[Brief descriptive captions]
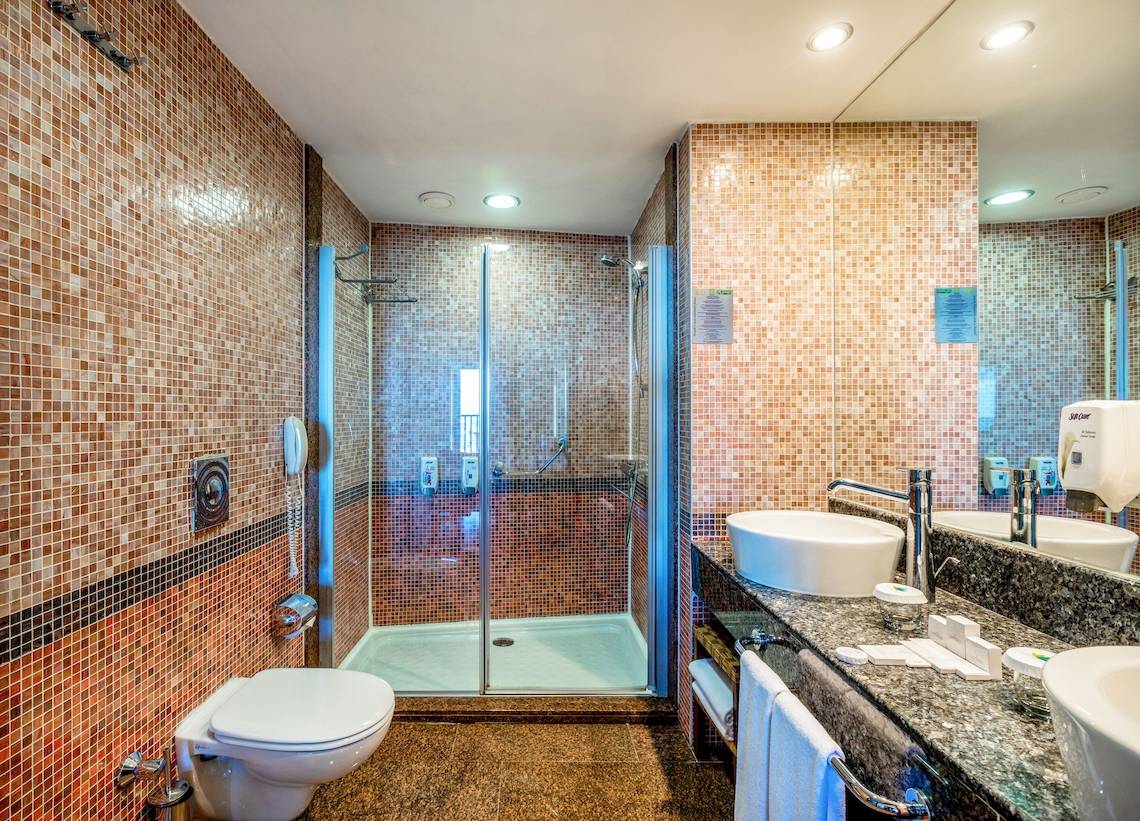 Ein Badezimmer mit einer Glasdusche, zwei Waschbecken, einem Spiegel und einem Toilettensitz im Asteria Family Resort Belek.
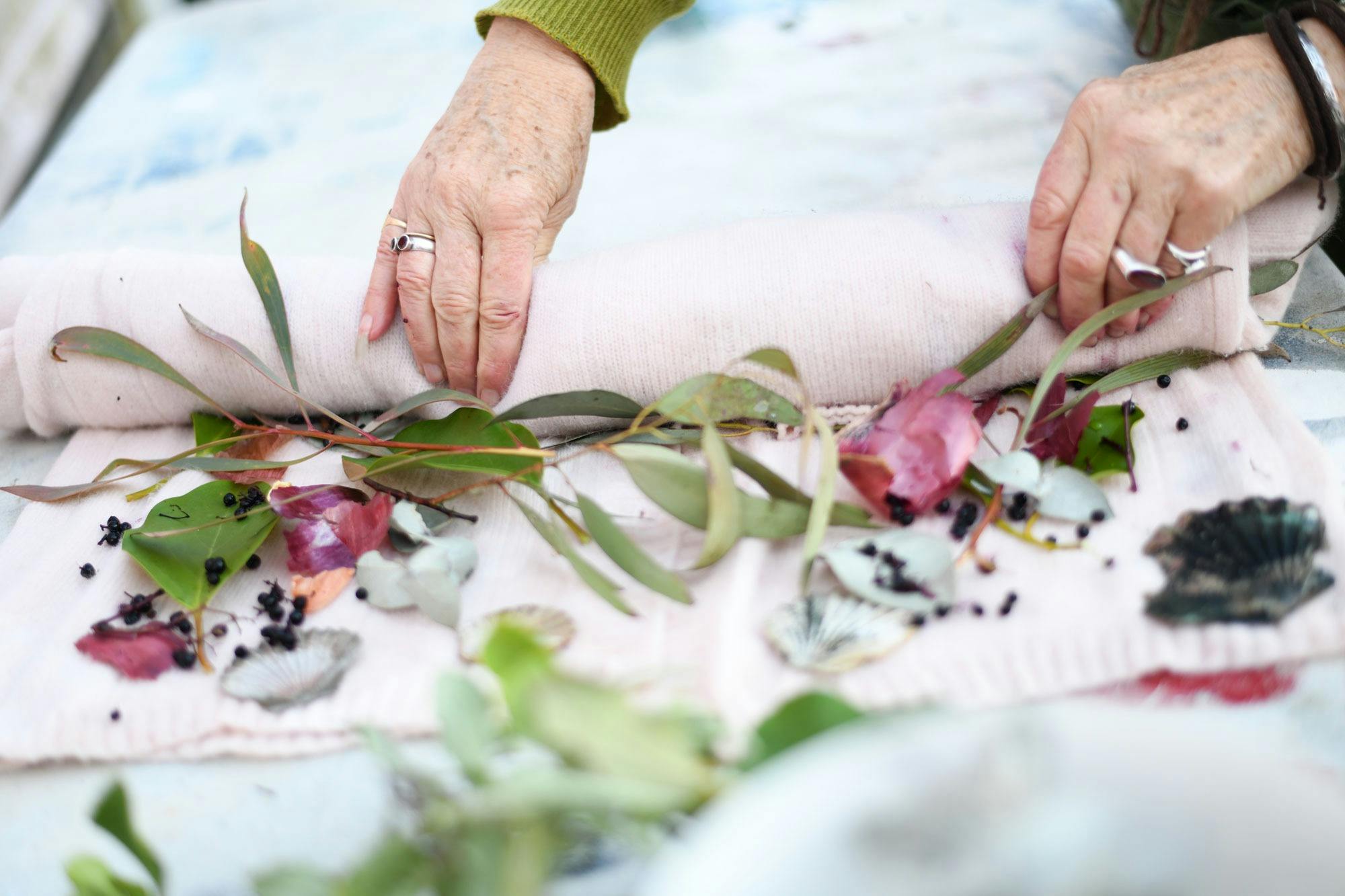 Close-up of hands arranging leaves and flowers on pale pink fabric for natural dyeing.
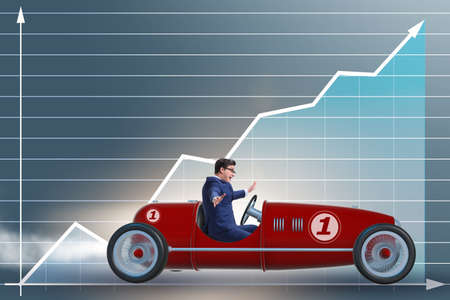 Businessman driving car in financial conceptの写真素材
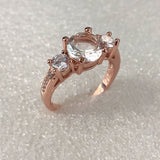 Round CZ Three-Stone Rose-Tone Ring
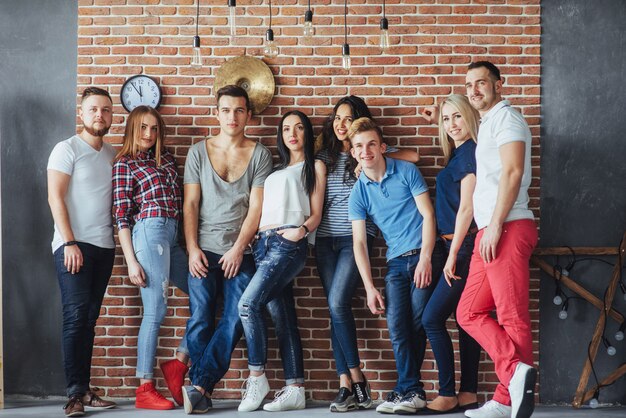 Agrupe o retrato de meninos e meninas multiétnicas com roupas da moda coloridas, segurando o amigo posando em uma parede de tijolos, pessoas de estilo urbano se divertindo, s sobre estilo de vida de juventude União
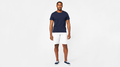 Front view of model wearing White Cap Perfect 10.5" Shorts.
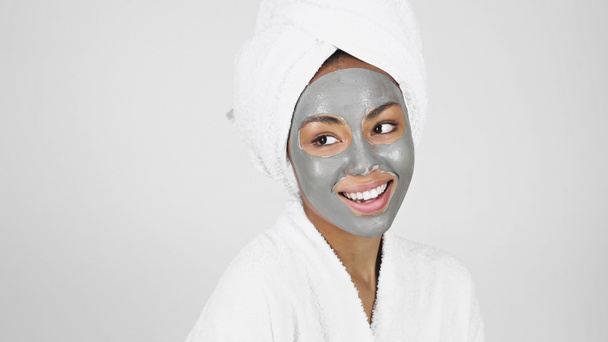 Ευτυχισμένη Αφροαμερικανή γυναίκα με πετσέτα στο κεφάλι και γκρι μάσκα προσώπου απομονωμένη σε γκρι  - Φωτογραφία, εικόνα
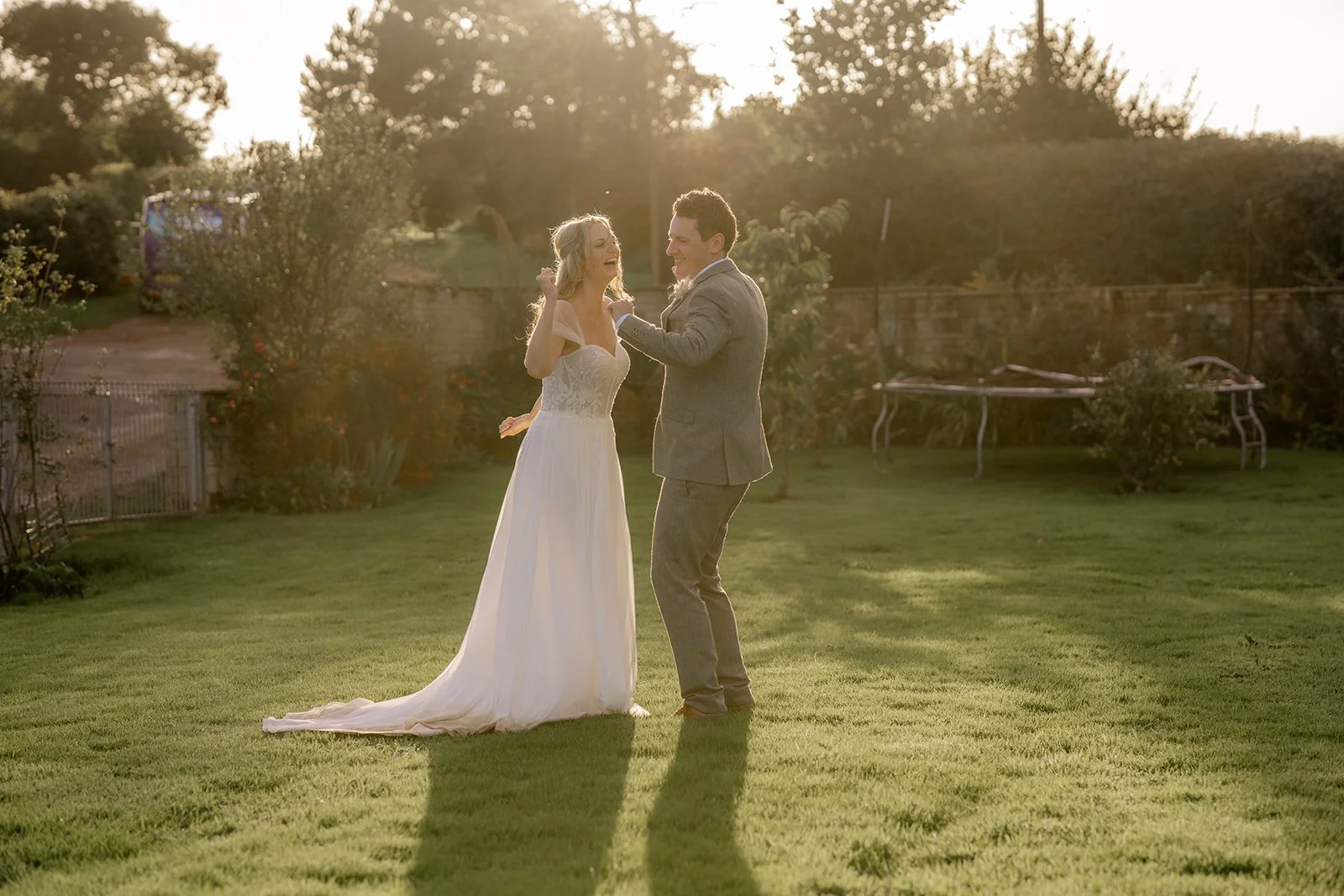Samantha and Mike laugh and dance together on the lawn, facing each other as warm evening light falls around them. Their relaxed movement and expressions capture a joyful, carefree moment during their outdoor wedding portraits.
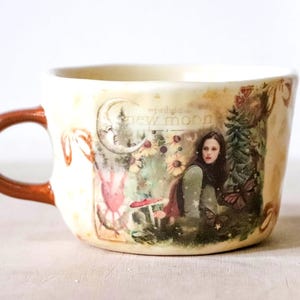 Könnte beinhalten: Ein cremefarbener Keramikbecher mit glänzendem braunem Henkel, bedruckt mit einer Grafik einer Person in einer Waldlandschaft, einer Mondsichel und dem Text "Twilight New Moon". Das Design zeigt zudem Schmetterlinge, Blumen und Pilze.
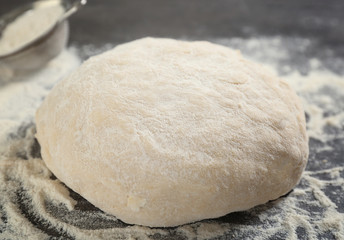 Fototapeta na wymiar Raw dough on kitchen table, closeup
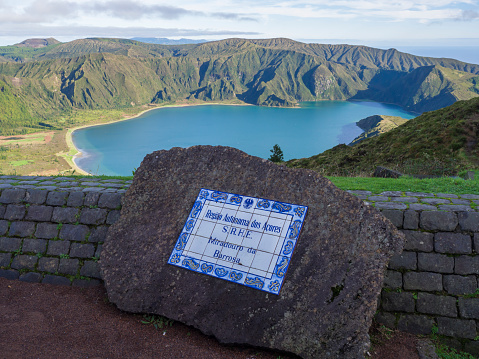 View on beautiful blue crater lake Lagoa do Fogo from viewpoint miradouro da barrosa. and sign on ceramic deskon stone. Lake of Fire is the highest lake of Sao Miguel island, surrounded by Natural Reserve green.
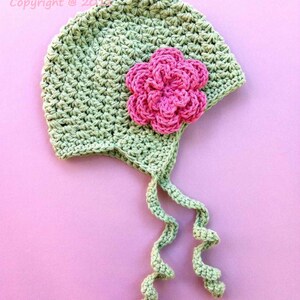 Op de afbeelding: Een groene gehaakte baby muts met een roze gehaakte bloem. De muts heeft een lange strik die aan de achterkant is geknoopt. De muts ligt op een roze achtergrond. Bubnut Crochet Patterns Original Design by Britta Graham Copyright @ 2014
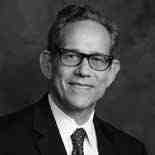 A grayscale portrait of a person wearing glasses and a suit with a tie. They have short hair and are smiling slightly. The background is a simple, dark textured backdrop.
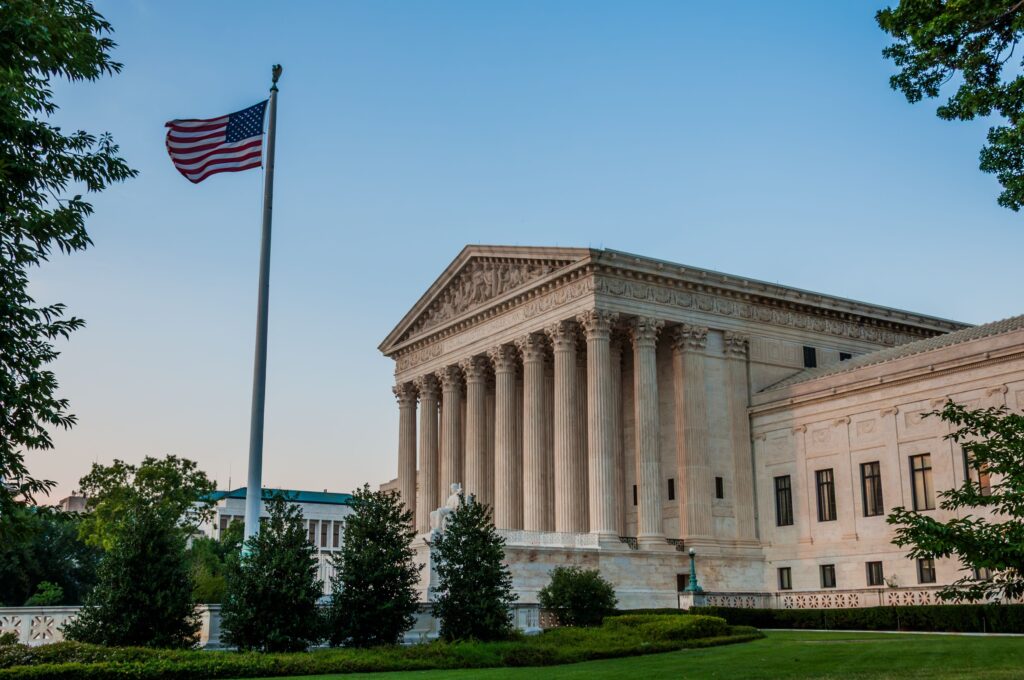American flag waving beside a neoclassical government building with tall columns against a blue sky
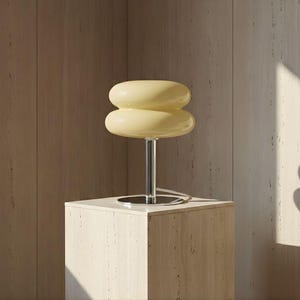 Puede incluir: Una lámpara de mesa de estilo retro con una pantalla apilada y redondeada en un tono amarillo suave. La lámpara presenta un vástago y una base cromados, y se asienta sobre un pedestal cuadrado de color claro. El diseño evoca una estética moderna de mediados de siglo.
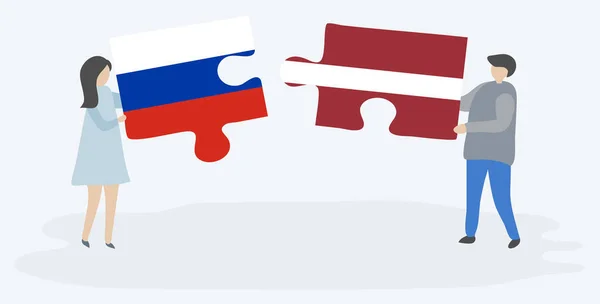 Para Trzyma Dwa Kawałki Puzzle Rosyjskimi Łotewskich Flag Symbole Narodowe — Wektor stockowy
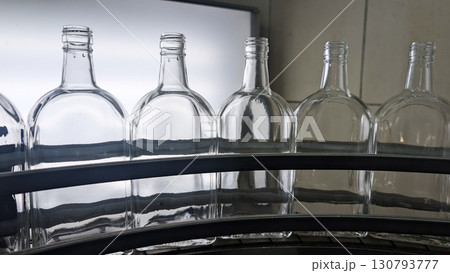 A close-up shot of a set of six empty glass bottles arranged on an assembly line in a factory 130793777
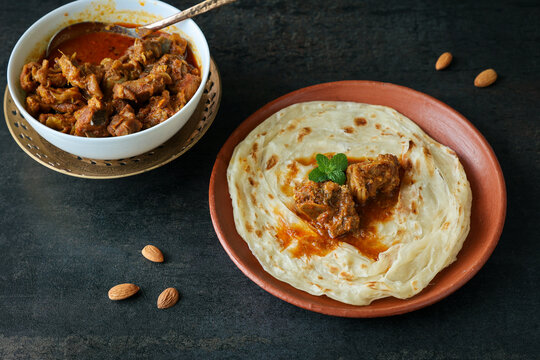 Kerala paratha porotta meat beef curry roti Malabar parotta barotta is Indian layered flatbread for breakfast snack, popular street food India ramadan festival . Maida wheat flour Cooking the dough.
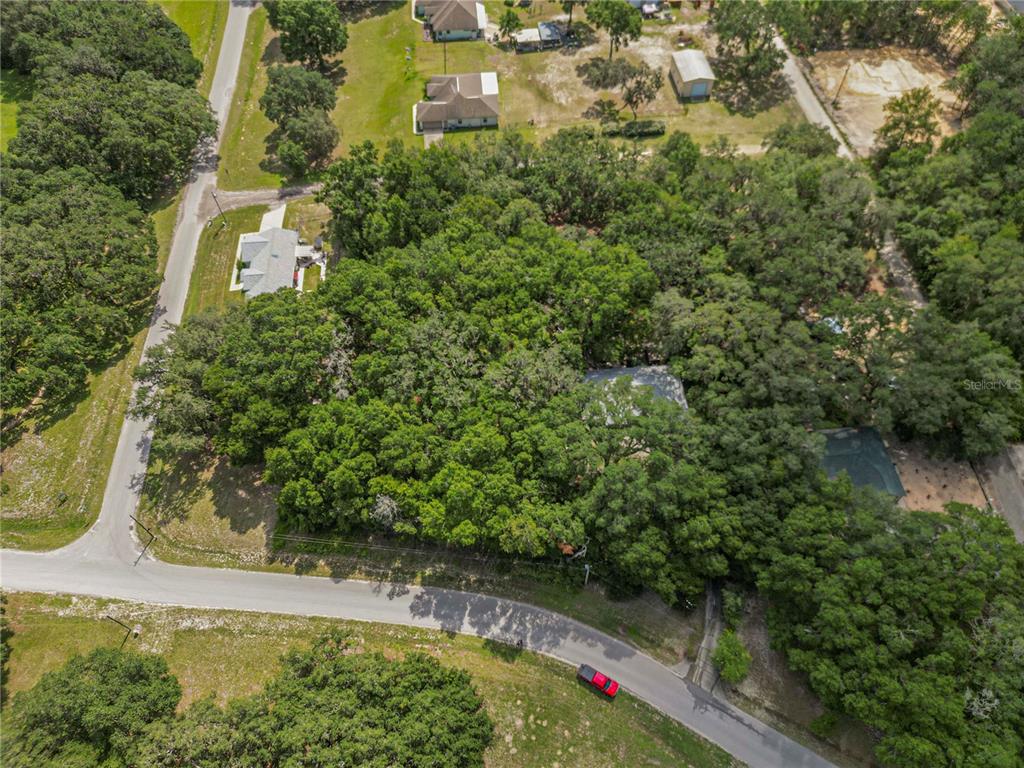 An aerial view shows a house nestled within a dense forest near a paved road — TBD SW 136TH COURT RD, DUNNELLON, FL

The problem: The lines from the one containing "American flag waving" through the final line of the data are to be repeated exactly, with both ends included and all pictures left out.

Result for this exercise:
American flag waving beside a neoclassical government building with tall columns against a blue sky
 Puede incluir: Una lámpara de mesa de estilo retro con una pantalla apilada y redondeada en un tono amarillo suave. La lámpara presenta un vástago y una base cromados, y se asienta sobre un pedestal cuadrado de color claro. El diseño evoca una estética moderna de mediados de siglo.
 Para Trzyma Dwa Kawałki Puzzle Rosyjskimi Łotewskich Flag Symbole Narodowe — Wektor stockowy
 A close-up shot of a set of six empty glass bottles arranged on an assembly line in a factory 130793777
 Kerala paratha porotta meat beef curry roti Malabar parotta barotta is Indian layered flatbread for breakfast snack, popular street food India ramadan festival . Maida wheat flour Cooking the dough.
 An aerial view shows a house nestled within a dense forest near a paved road — TBD SW 136TH COURT RD, DUNNELLON, FL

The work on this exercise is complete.